Task instructions: Starting with the line below that holds "31.08.2025 - 21." and stopping after the line that holds "Модные черные мужские", transcribe the lines exactly, leaving out all pictures.

Available data:
++++++
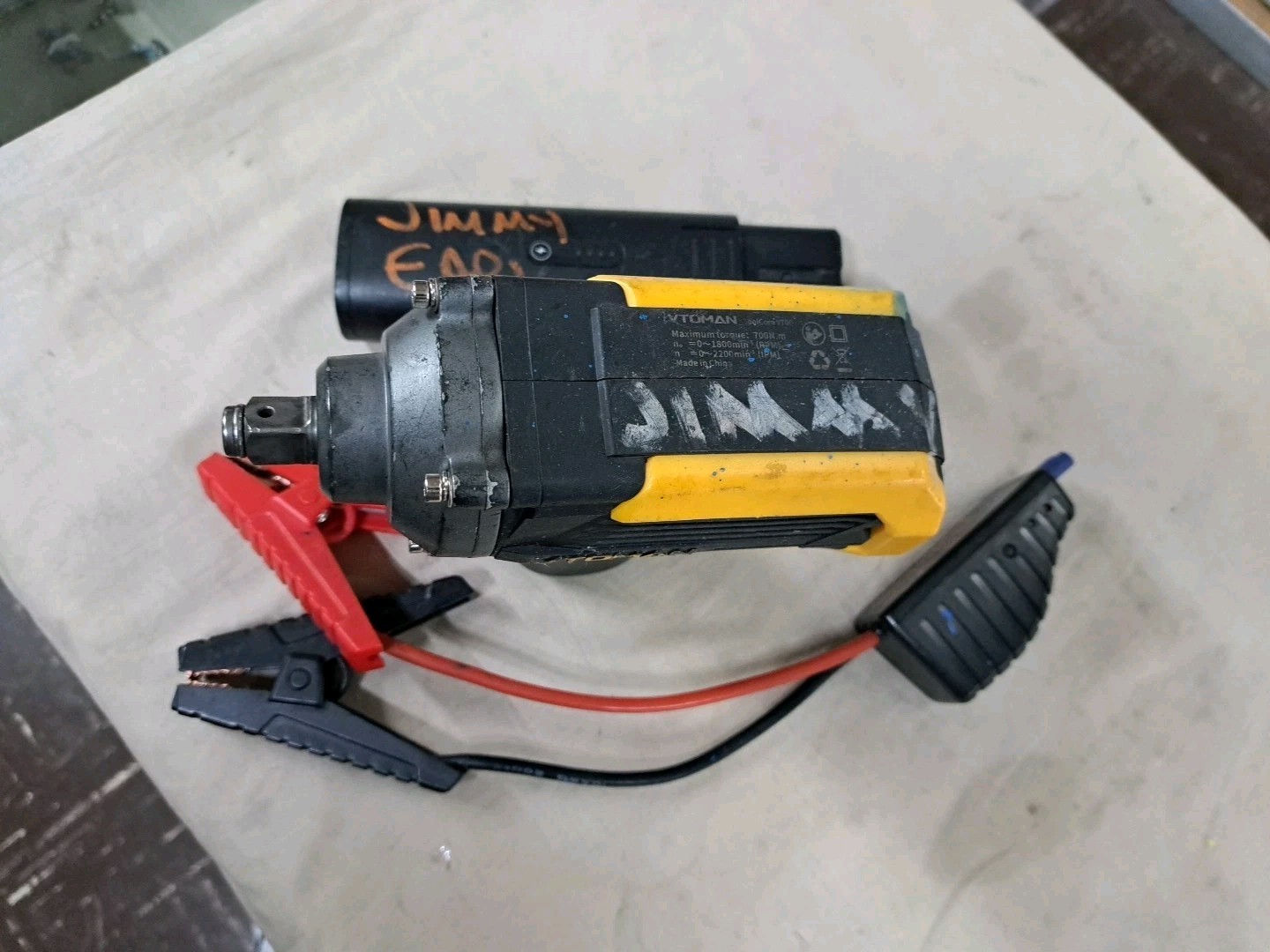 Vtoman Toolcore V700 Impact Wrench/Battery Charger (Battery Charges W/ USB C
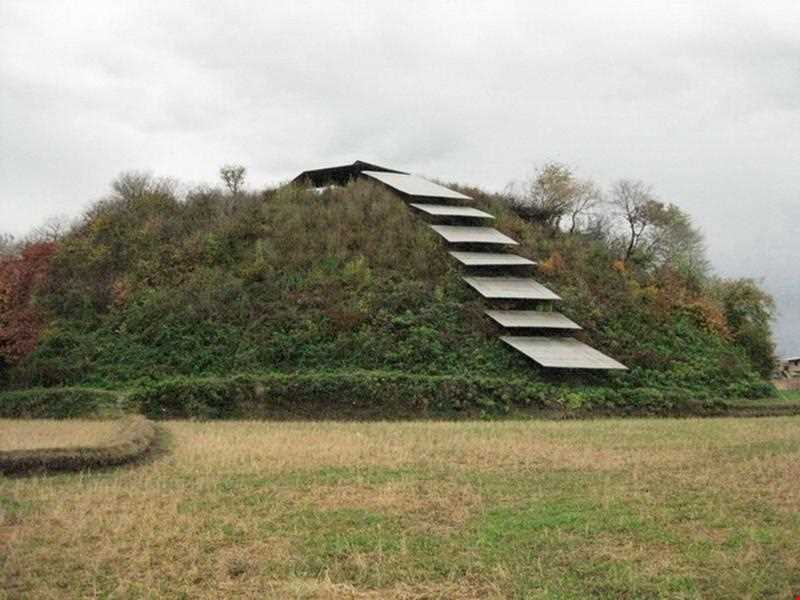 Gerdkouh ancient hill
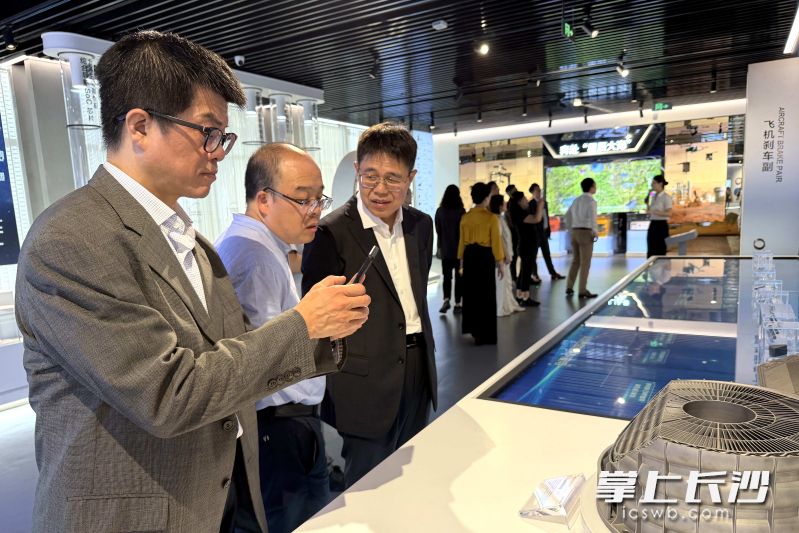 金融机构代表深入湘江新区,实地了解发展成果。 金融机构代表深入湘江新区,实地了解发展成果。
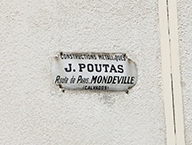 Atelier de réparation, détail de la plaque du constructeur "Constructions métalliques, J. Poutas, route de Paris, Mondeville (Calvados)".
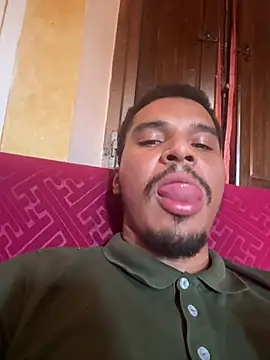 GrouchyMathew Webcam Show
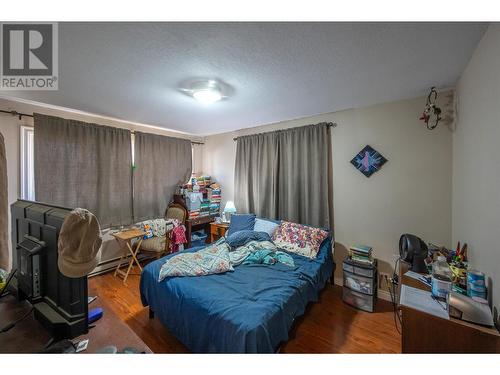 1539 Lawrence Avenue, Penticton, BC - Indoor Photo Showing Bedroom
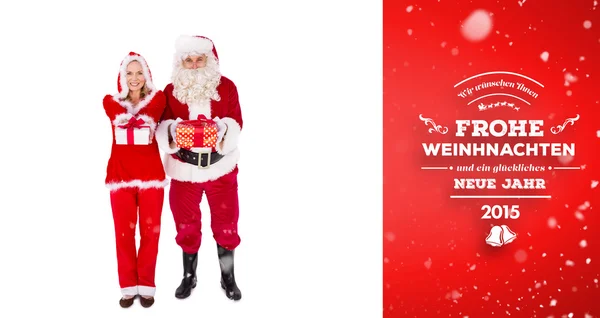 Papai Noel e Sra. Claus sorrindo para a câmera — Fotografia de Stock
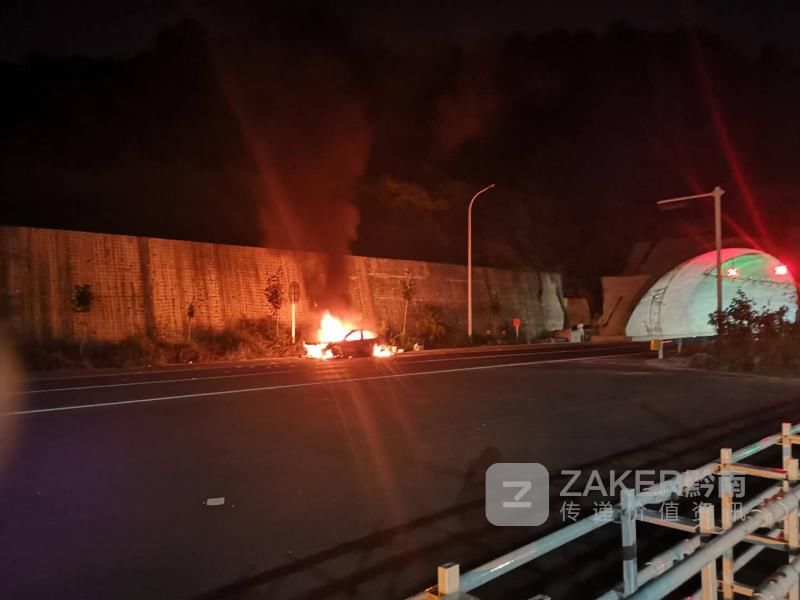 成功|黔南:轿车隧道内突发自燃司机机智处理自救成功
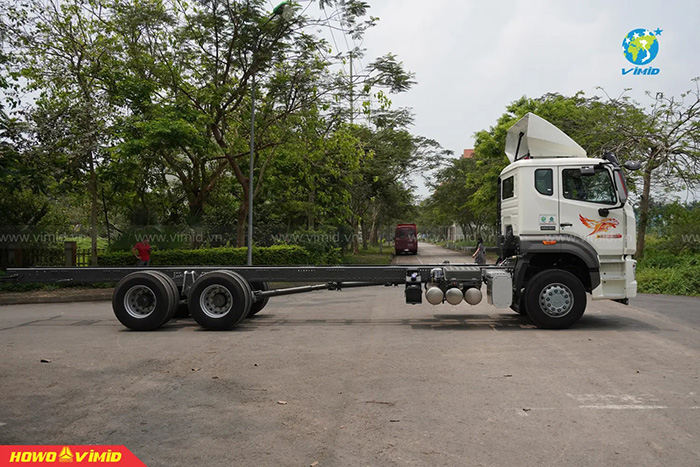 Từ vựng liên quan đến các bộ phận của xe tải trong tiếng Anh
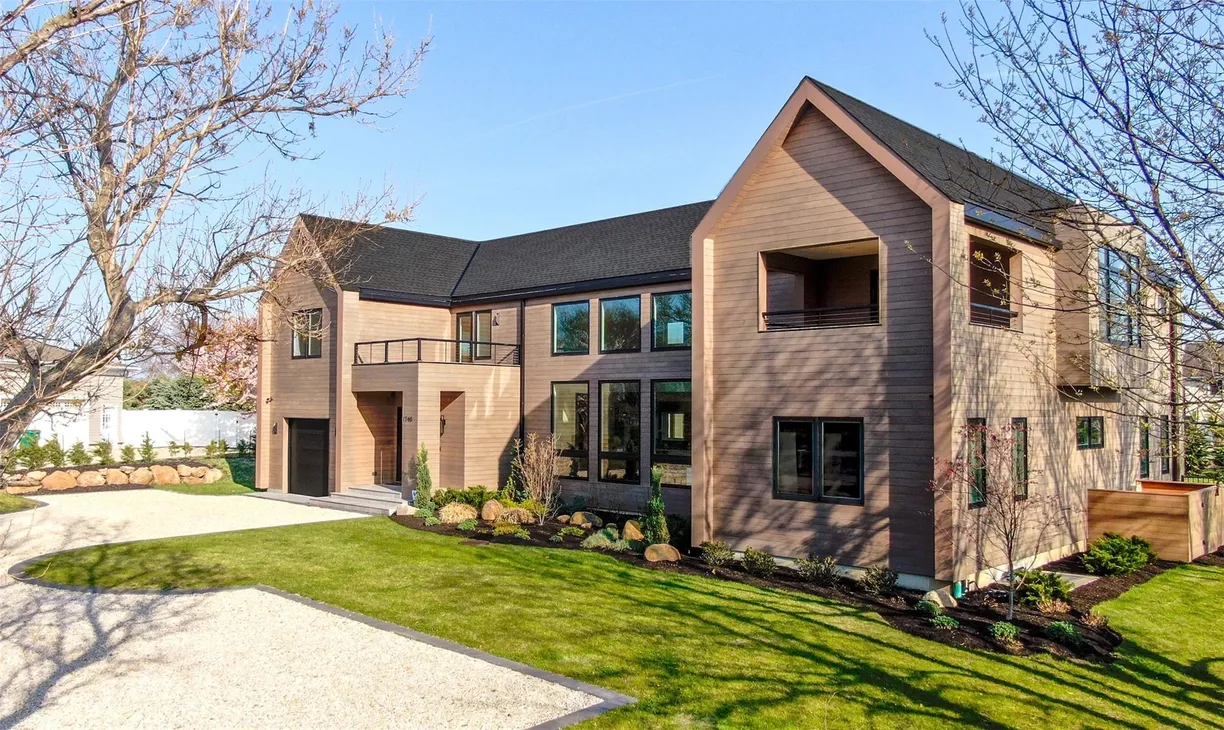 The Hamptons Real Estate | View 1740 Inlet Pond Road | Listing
++++++
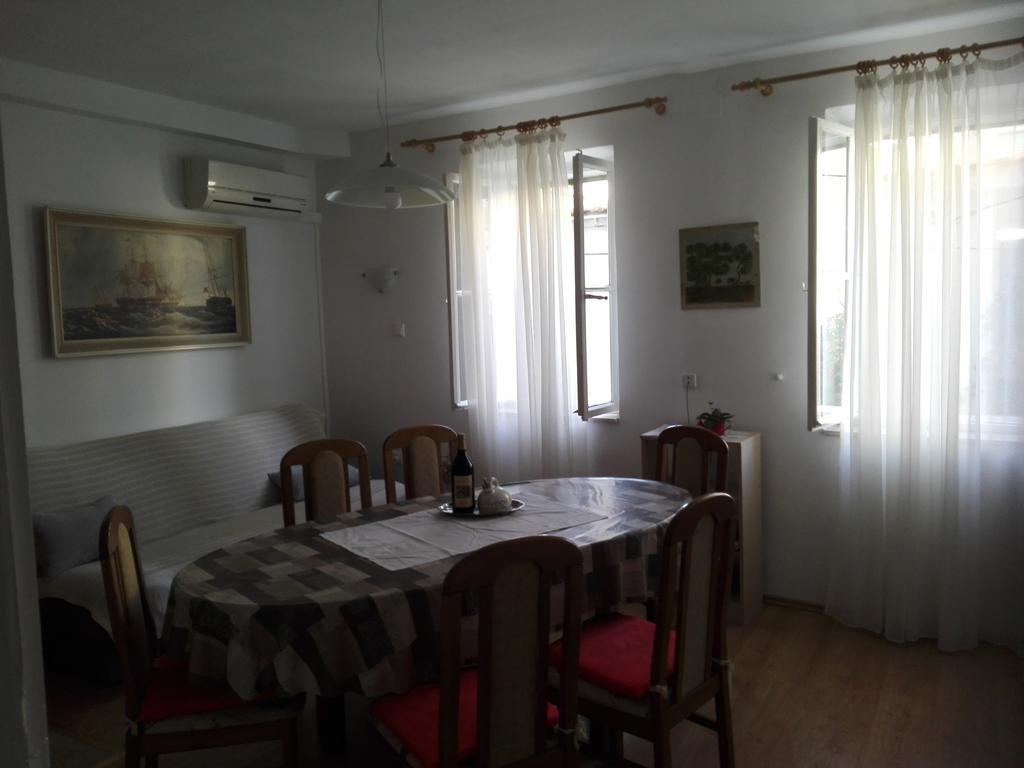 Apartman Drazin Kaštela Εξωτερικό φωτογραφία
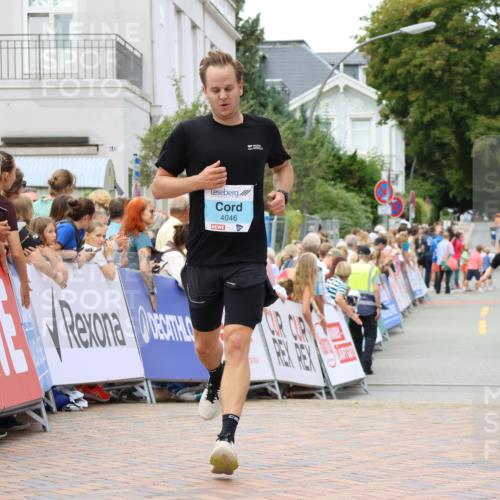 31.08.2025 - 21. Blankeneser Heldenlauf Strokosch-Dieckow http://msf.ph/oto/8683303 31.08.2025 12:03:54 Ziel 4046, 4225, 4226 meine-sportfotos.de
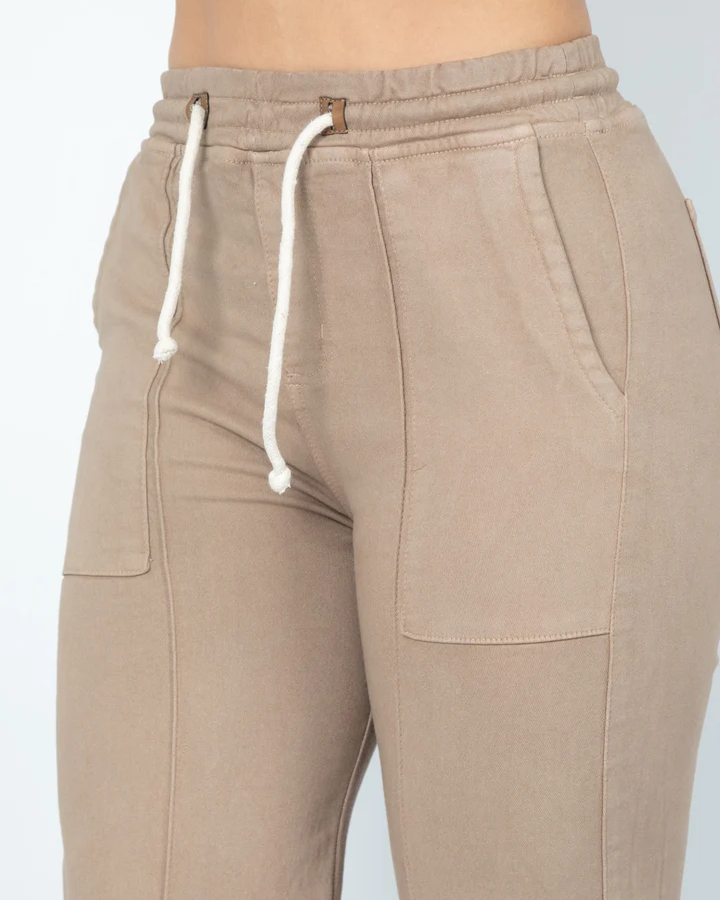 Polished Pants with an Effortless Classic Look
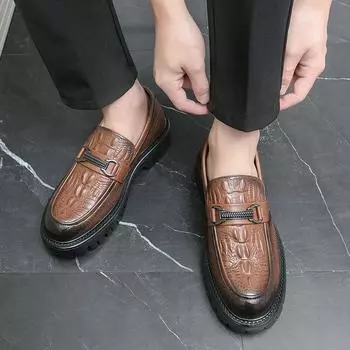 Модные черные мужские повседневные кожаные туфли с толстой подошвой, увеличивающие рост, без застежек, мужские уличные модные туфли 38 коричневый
++++++
Solution for this task:
 31.08.2025 - 21. Blankeneser Heldenlauf Strokosch-Dieckow http://msf.ph/oto/8683303 31.08.2025 12:03:54 Ziel 4046, 4225, 4226 meine-sportfotos.de
 Polished Pants with an Effortless Classic Look
 Модные черные мужские повседневные кожаные туфли с толстой подошвой, увеличивающие рост, без застежек, мужские уличные модные туфли 38 коричневый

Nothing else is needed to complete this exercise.